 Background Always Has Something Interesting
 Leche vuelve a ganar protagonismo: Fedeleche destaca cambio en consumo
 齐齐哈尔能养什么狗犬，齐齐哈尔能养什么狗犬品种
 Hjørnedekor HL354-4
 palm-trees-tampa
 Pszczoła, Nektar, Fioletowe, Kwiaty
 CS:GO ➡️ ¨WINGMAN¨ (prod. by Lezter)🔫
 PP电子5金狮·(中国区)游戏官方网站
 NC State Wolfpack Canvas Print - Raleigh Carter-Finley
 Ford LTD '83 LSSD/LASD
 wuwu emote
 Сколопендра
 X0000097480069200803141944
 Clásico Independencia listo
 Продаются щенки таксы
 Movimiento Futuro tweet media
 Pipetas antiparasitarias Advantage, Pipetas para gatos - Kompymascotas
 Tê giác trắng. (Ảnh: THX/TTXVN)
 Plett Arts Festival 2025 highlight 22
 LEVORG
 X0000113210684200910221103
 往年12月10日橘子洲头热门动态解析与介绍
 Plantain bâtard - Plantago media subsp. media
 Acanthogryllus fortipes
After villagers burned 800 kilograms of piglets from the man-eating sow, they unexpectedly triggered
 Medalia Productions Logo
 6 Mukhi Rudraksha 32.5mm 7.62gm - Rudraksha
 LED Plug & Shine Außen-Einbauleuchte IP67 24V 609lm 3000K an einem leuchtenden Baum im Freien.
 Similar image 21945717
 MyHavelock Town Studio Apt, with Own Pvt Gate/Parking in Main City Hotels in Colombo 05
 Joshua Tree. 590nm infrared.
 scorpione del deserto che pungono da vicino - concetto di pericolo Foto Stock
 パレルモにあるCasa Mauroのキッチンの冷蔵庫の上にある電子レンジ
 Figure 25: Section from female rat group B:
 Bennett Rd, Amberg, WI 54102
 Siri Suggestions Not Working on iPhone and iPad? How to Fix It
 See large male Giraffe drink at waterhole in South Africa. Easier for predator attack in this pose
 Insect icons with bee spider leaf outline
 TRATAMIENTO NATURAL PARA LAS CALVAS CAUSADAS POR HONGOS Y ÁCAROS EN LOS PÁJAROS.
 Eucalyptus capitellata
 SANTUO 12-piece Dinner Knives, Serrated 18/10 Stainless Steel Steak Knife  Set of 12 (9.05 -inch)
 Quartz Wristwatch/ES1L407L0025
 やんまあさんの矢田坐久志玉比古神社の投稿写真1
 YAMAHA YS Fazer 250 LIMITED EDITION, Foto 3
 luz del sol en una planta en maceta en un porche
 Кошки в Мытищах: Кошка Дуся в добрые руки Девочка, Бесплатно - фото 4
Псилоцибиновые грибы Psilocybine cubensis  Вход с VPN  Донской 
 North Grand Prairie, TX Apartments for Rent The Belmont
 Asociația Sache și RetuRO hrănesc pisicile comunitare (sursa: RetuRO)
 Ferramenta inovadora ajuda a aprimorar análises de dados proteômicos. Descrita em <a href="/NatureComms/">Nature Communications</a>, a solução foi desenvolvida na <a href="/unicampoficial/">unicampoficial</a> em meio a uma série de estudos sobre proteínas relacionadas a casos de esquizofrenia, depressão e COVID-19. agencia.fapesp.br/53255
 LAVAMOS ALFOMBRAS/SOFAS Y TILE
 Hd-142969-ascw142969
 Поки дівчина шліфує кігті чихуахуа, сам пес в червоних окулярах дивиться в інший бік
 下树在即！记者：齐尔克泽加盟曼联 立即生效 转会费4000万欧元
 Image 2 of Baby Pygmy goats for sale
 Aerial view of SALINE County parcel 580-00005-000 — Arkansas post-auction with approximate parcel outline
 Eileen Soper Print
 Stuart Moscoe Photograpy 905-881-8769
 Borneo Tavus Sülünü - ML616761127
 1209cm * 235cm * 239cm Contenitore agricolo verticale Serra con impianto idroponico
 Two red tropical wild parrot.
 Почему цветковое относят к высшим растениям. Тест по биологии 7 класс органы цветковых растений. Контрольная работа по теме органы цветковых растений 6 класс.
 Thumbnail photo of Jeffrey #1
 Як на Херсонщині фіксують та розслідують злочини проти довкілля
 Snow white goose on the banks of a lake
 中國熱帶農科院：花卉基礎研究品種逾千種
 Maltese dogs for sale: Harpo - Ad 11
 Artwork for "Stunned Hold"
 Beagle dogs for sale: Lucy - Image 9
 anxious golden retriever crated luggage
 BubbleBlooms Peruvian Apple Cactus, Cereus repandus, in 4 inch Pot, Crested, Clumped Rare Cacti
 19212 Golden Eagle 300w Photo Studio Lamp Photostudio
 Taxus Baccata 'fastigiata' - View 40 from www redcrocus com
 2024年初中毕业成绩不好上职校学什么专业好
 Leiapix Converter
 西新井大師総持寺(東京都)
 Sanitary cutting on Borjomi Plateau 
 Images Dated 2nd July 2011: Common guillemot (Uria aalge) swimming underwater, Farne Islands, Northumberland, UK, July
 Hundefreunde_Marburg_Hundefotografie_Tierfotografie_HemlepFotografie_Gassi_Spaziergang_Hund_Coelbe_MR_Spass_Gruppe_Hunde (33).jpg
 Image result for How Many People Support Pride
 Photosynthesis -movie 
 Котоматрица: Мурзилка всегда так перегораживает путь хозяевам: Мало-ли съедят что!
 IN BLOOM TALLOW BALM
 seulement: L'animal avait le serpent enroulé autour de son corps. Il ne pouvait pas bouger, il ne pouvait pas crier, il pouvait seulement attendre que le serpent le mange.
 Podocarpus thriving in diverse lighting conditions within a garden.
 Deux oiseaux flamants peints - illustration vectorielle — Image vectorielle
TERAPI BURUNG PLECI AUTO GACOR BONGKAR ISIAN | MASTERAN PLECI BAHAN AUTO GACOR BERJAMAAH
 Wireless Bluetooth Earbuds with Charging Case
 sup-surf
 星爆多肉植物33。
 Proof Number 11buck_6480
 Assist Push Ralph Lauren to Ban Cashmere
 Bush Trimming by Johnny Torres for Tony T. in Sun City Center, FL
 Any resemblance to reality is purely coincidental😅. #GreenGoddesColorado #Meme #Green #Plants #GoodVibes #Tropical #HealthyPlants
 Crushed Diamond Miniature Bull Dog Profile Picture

##########

## BRIEF
Every line of the listing that includes the word "outline" belongs in the answer.

## SOLUTION FOR THIS TASK
 Insect icons with bee spider leaf outline
 Aerial view of SALINE County parcel 580-00005-000 — Arkansas post-auction with approximate parcel outline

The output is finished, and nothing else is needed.